Oleh: Agusliadi Massere*
Ada beberapa hal telah menjadi pemantik diri untuk menuliskan tema ini. Beberapa tahun yang lalu, saya menemukan gambar dari hasil searching di Google; gambar itu adalah sebuah patung di Jepang yang menunjukkan dan mengandung “pesan inspiratif” bahwa “bobotmu tidak ditentukan dari ukuran tubuhmu, melainkan dari berapa banyak buku yang kamu baca”; dan gambar itu pulalah yang menjadi gambar ilustrasi dari tulisan ini.
Dua tahun yang lalu, saya membaca tulisan Rektor UIN Salatiga (pada saat itu masih bernama IAIN Salatiga), Prof. Zakiyuddin Baidhawy, yang terbit di media online (ibtimes.id, 15/04/2020). Judul tulisannya, “Jihad Akbar itu dengan Pena, bukan Pedang”. Pekan lalu, saya membeli buku bekas dan murah, judulnya Bacalah! Menghidupkan Kembali Semangat Membaca Para Mahaguru Peradaban; dan dalam buku ini, penulisnya, Suherman (Pendiri dan Ketua Masyarakat Literasi Indonesia, dan motivator kesadaran membaca) menegaskan satu hal menarik dan itu pula yang memantik diri ini.

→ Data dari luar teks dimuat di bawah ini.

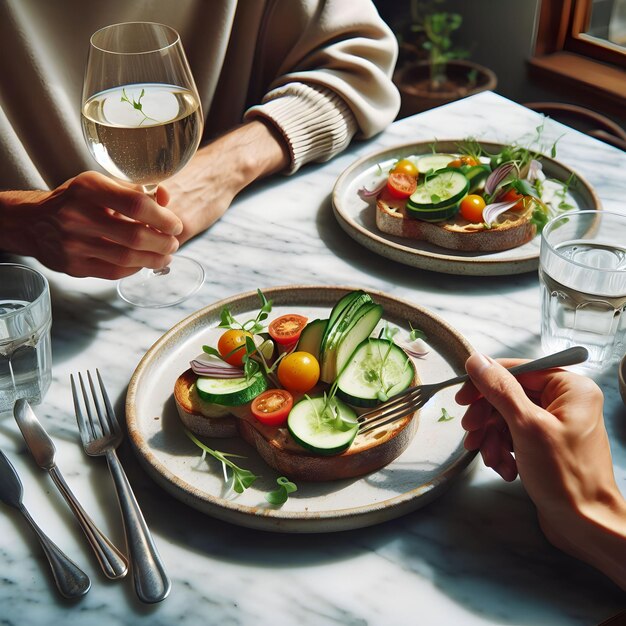 a person is sitting at a table with a plate of salad and a glass of water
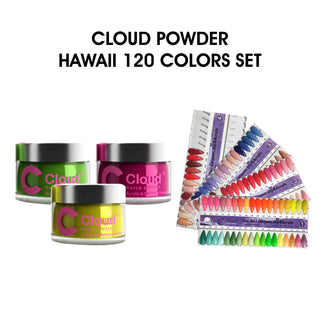 Cloud Nail Design - Hawaii Collection - Full set Dipping Powder 2oz 120 colors w/ 1 Color book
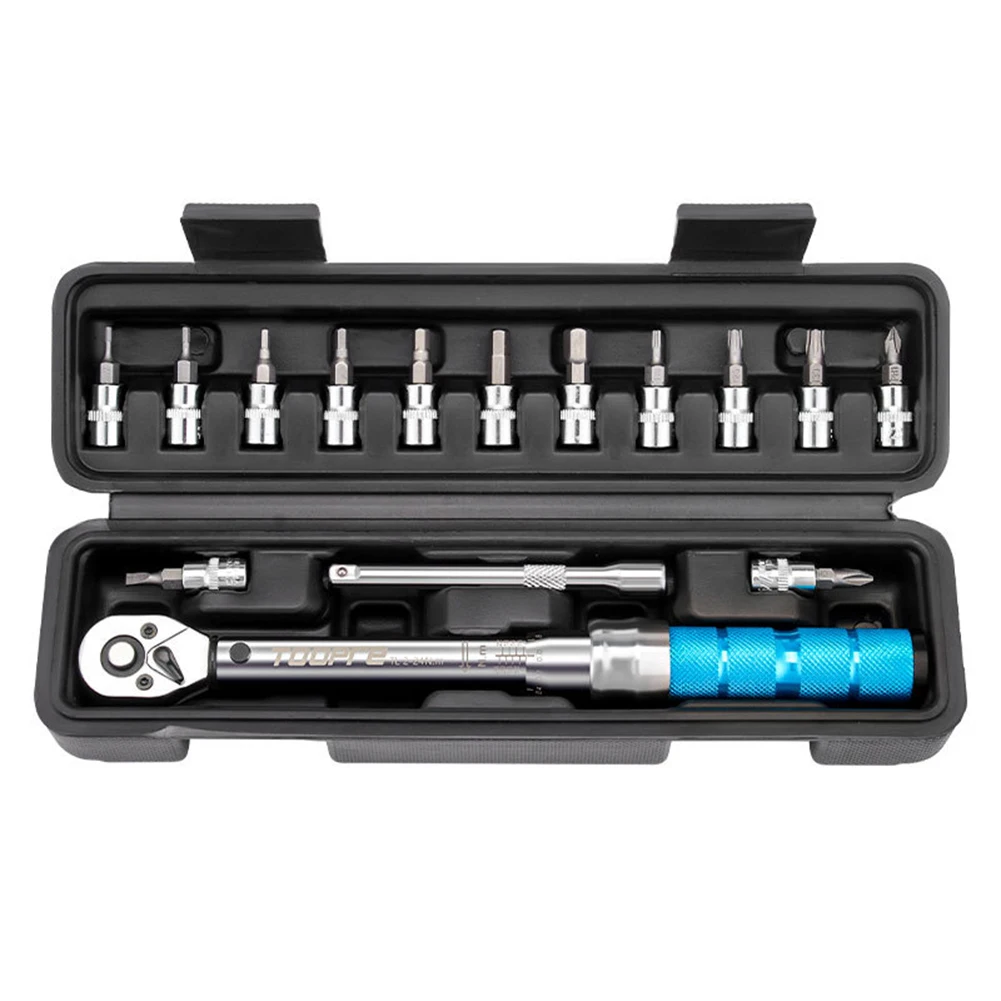 

1/4 inch Torque Wrench Set 2-24Nm Adjustable Torque Bicycle Repair Tools for Mountain Bikes Allen and Torx Sockets Extension Bar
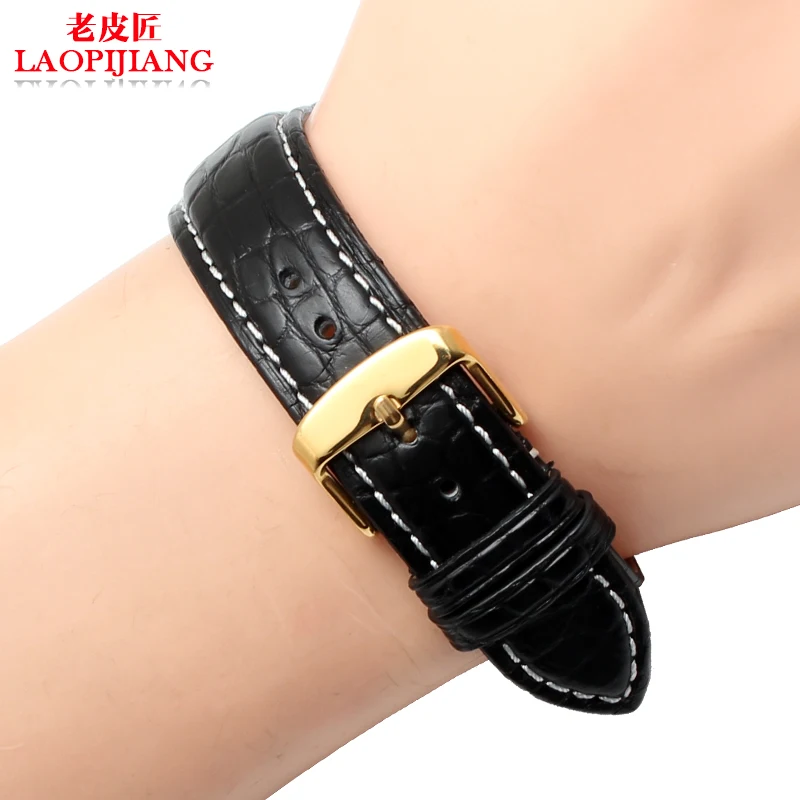 

Laopijiang Americas crocodile leather strap on behalf of the soft fossil quick release universal models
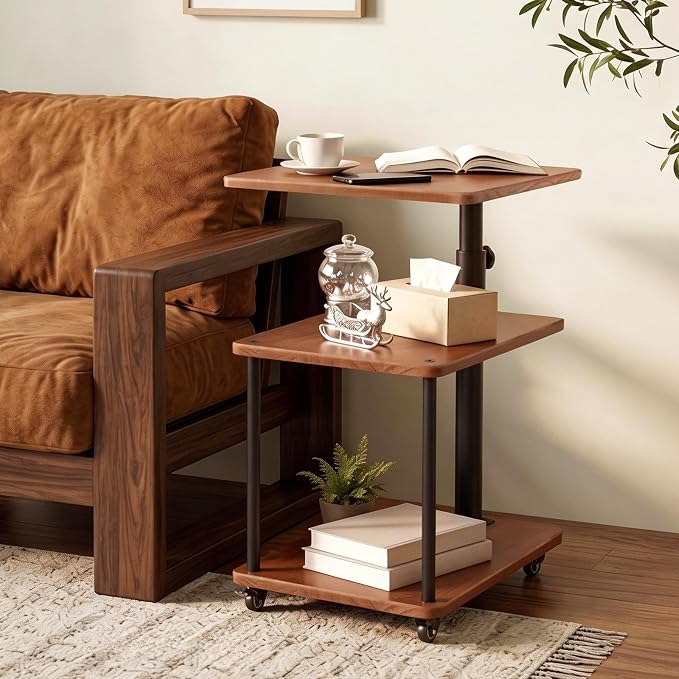 Swivel Side Table for Small Spaces, Adjustable Height End Table for Different by Bingyouth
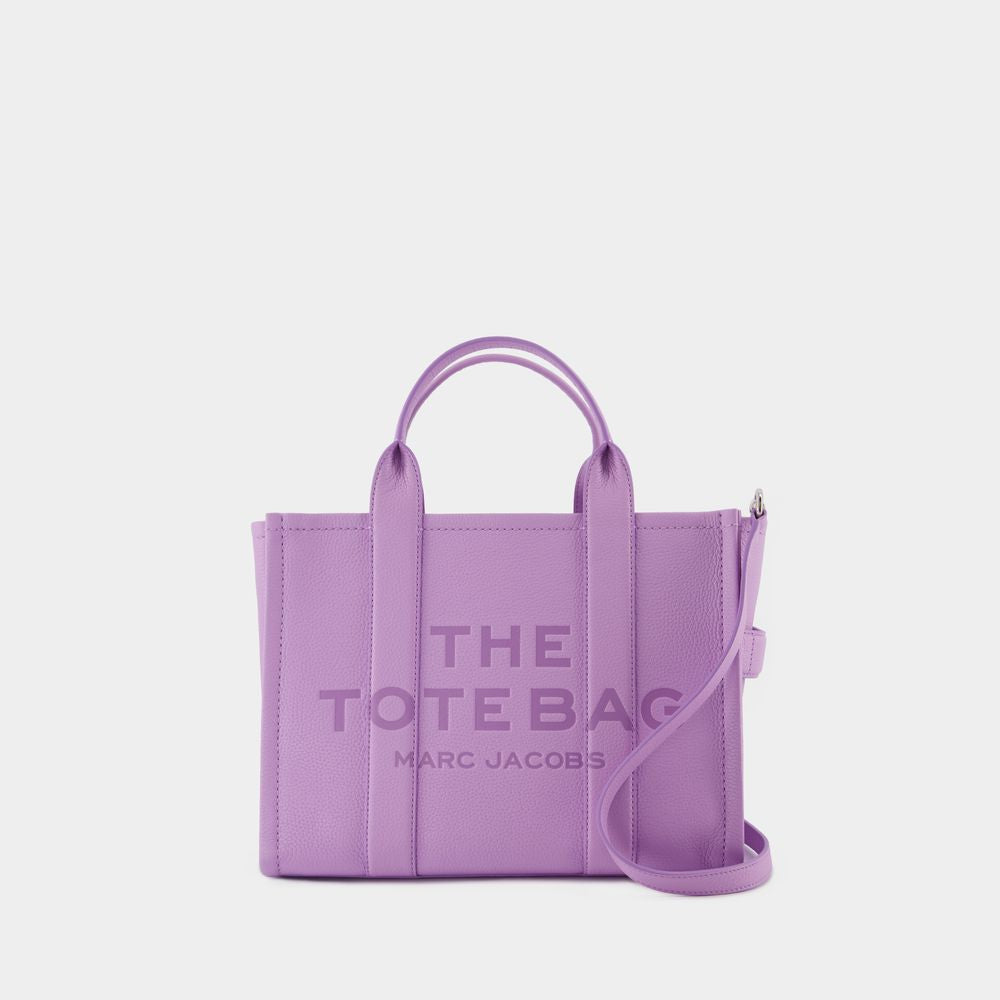 MARC JACOBS Elegant Medium Leather Tote in Regal Purple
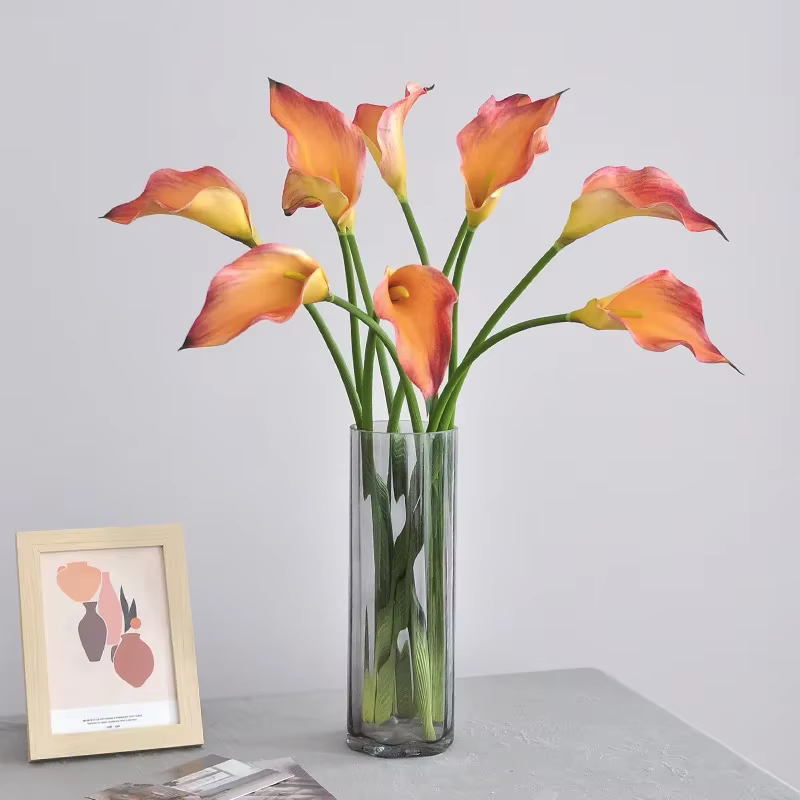 Lys Calla Artificiel avec Grand Long Poteau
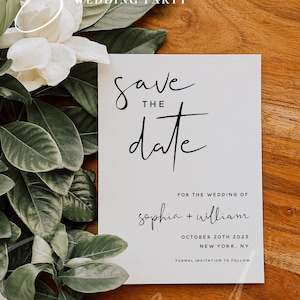 Speichern Sie das Datum Vorlage, moderne minimalistische Hochzeit Save the Date Karte, elektronische Save the Date Vorlage, Save the Date, Sofortdownload, M8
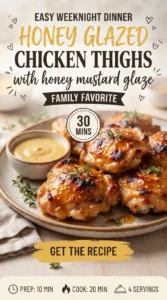 Golden-brown glazed chicken thighs on a platter, garnished with fresh parsley and served with a side of honey mustard.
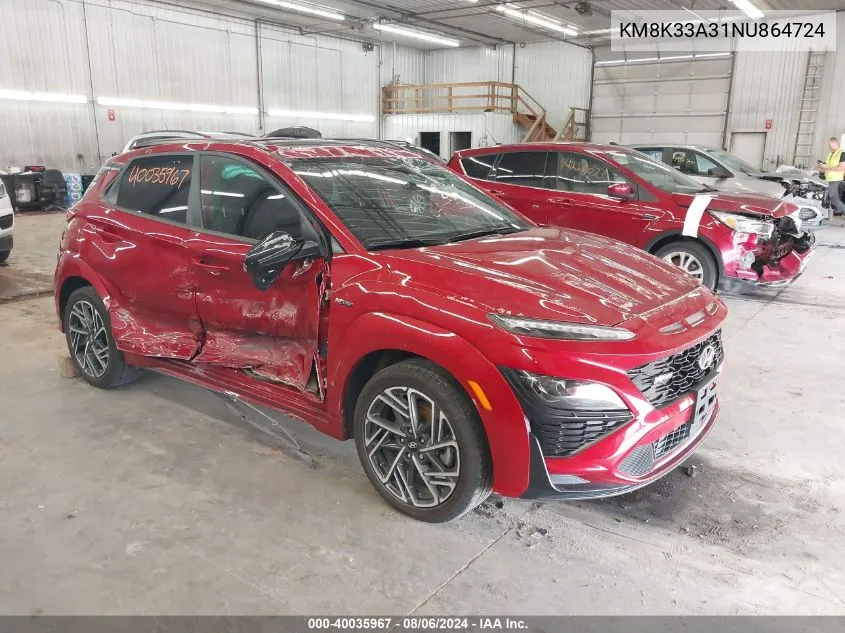 2022 Hyundai Kona N Line VIN: KM8K33A31NU864724 Lot: 40035967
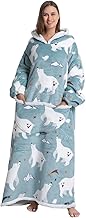Oversized Blanket Hoodie, Blanket Hoodie,Wearable Plush Soft Warm Sherpa Fleece Hoodie Blanket, Comfy Sweatshirt with Big Pocket for Women & Men Adults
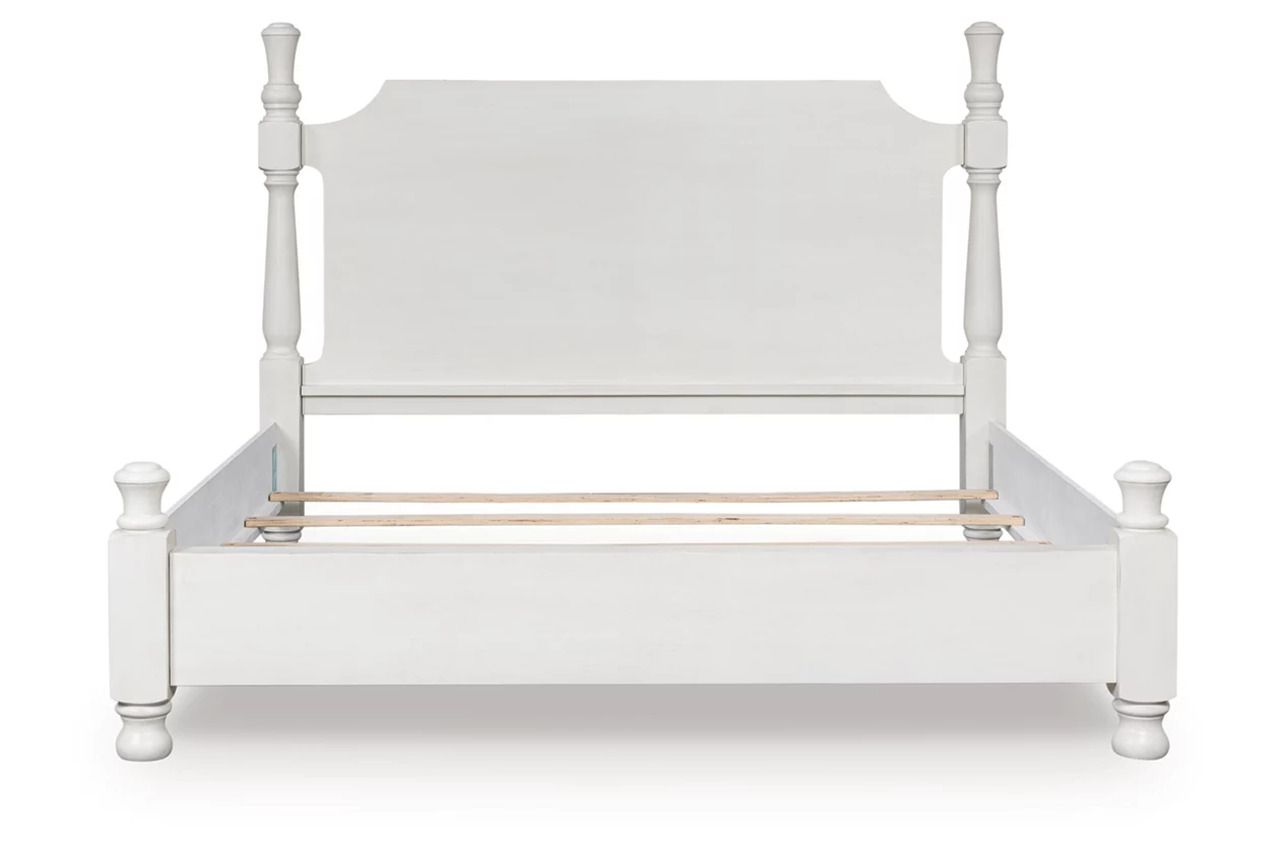 Greddinton King Poster Bed In Antique White NCB823B4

Suherman dalam buku karyanya menegaskan, “Membaca adalah jihad dengan aksara dan buku merupakan bahan pokok yang lebih utama dari sembako”. Berbeda dengan para Mahaguru Peradaban yang diuraikan Suherman dalam bukunya, saya sendiri belum sampai ke maqam intelektual, psikologis, spiritualitas yang berkesimpulan bahwa “buku lebih utama dari sembako”.
Suherman menyebutkan ciri-ciri mereka yang sudah sampai pada maqam pecinta ilmu antara lain: makannya cepat, jalannya cepat, dan menulisnya cepat. Meskipun saya memiliki ciri-ciri yang disebutkan Suherman ini, ditambahkan lagi, saya telah memiliki koleksi buku sebanyak 1.027 buah dengan judul dan genre yang beragam, dan bahkan saya lebih senang beli buku daripada pakaian, namun, saya belum berani memiliki kesimpulan yang sama dengan Suherman: buku lebih utama daripada sembako.
Namun, saya sepakat bahwa idealnya membaca harus dipandang pula sebagai jihad, dan buku adalah kebutuhan pokok. Perubahan dan kemajuan mutakhir peradaban hari ini, harus terjadi transformasi pemaknaan bahwa yang dipandang jihad bukan hanya sesuatu yang identik dengan “perang”, “pertumpahan darah”, “bom bunuh diri”, dan/atau sesuatu yang masih dipandang identik dengan “kekerasan”.
Berdasarkan yang diuraikan oleh Zakiyuddin dalam tulisannya tersebut, bisa dipahami bahwa menggeser makna jihad tersebut dan dilekatkan dalam aktivitas membaca, memang terasa berat. Mengapa? Zakiyuddin menemukan literaturnya bahwa: jihad [dalam pengertian yang saya sebutkan di atas] memiliki basis pengalaman empirik sekaligus legitimasi teologis-yuridis yang telah berurat berakar lebih dari 14 abad lamanya dan meliputi sejarah kawasan yang membentang dari Spanyol hingga Asia Tengah; ada sekte Islam ekstrem yang menempatkan jihad (perang suci) sebagai bagian dari rukun Islam; dan selain Al-Qur’an, hadis juga sering memaknai jihad sebagai tindakan perang.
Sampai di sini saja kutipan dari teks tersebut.